What is expected >>
Using only the entries below, output the lines starting at the one containing "Skrzynka na whisky na święta" and ending at the one containing "HOMSFOU 250piezas Ganchos", exactly and inclusive of both, omitting the pictures.

Exercise inputs >>
━━━━━━━━━━━━━━━━

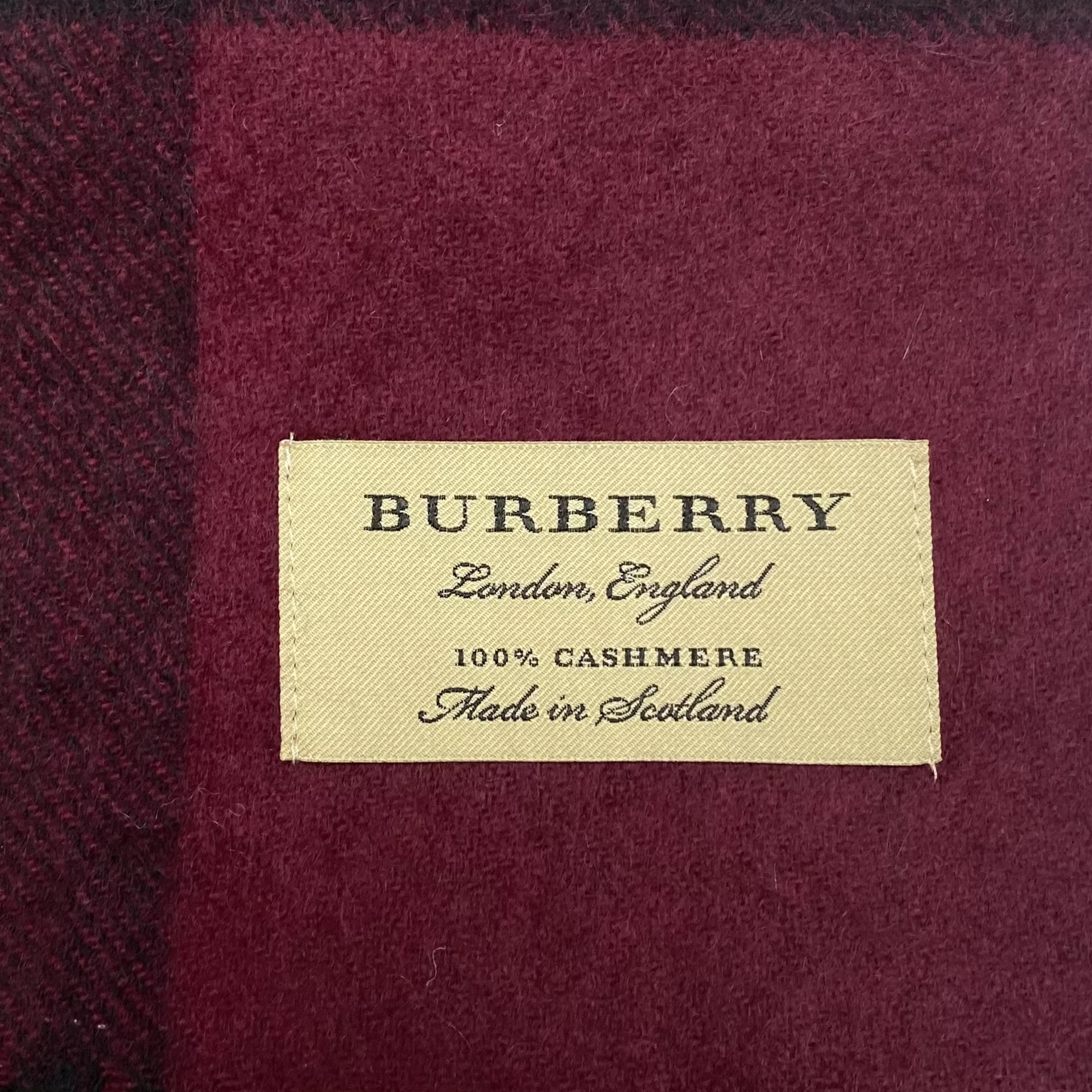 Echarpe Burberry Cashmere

━━━━━━━━━━━━━━━━

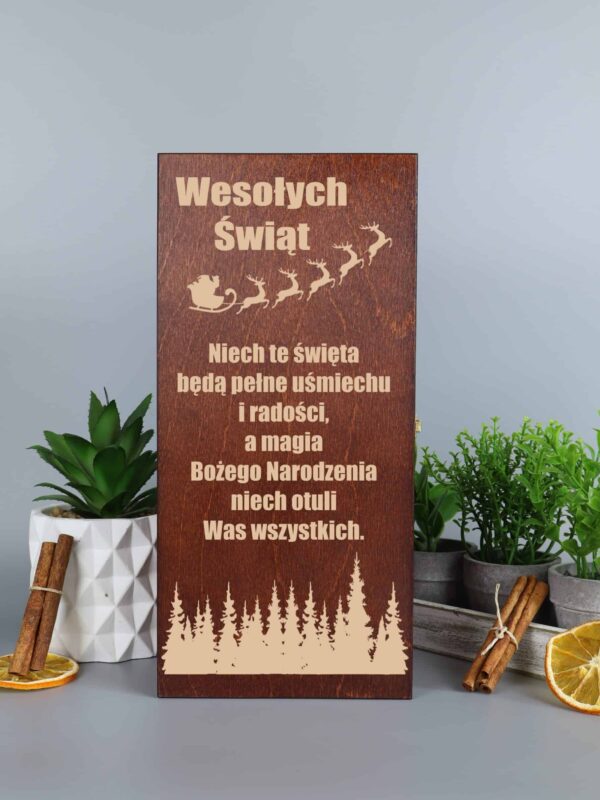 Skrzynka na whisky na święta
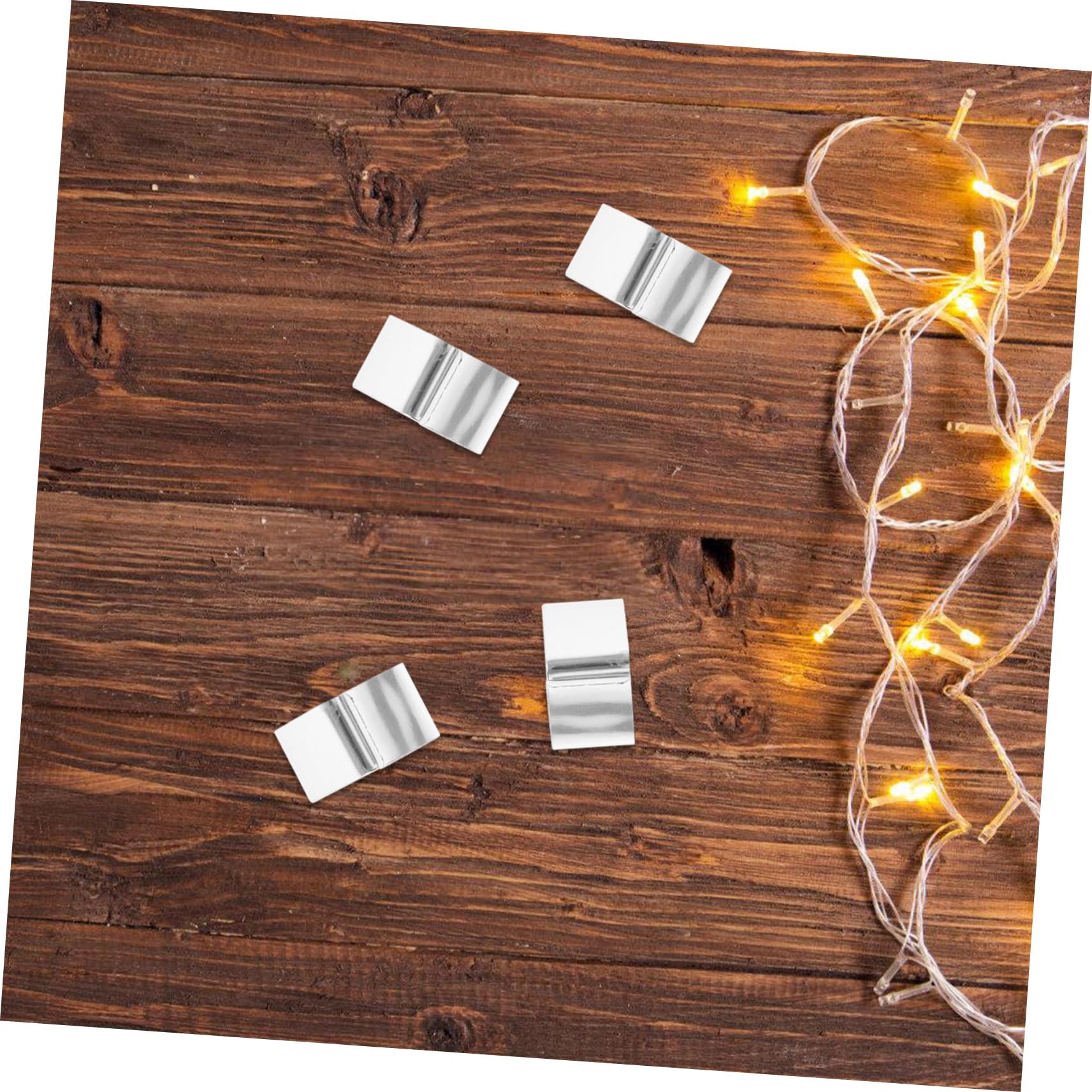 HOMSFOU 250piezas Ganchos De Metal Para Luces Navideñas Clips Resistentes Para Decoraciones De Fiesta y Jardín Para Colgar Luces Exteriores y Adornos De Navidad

━━━━━━━━━━━━━━━━

Answer space >>
 Skrzynka na whisky na święta
 HOMSFOU 250piezas Ganchos De Metal Para Luces Navideñas Clips Resistentes Para Decoraciones De Fiesta y Jardín Para Colgar Luces Exteriores y Adornos De Navidad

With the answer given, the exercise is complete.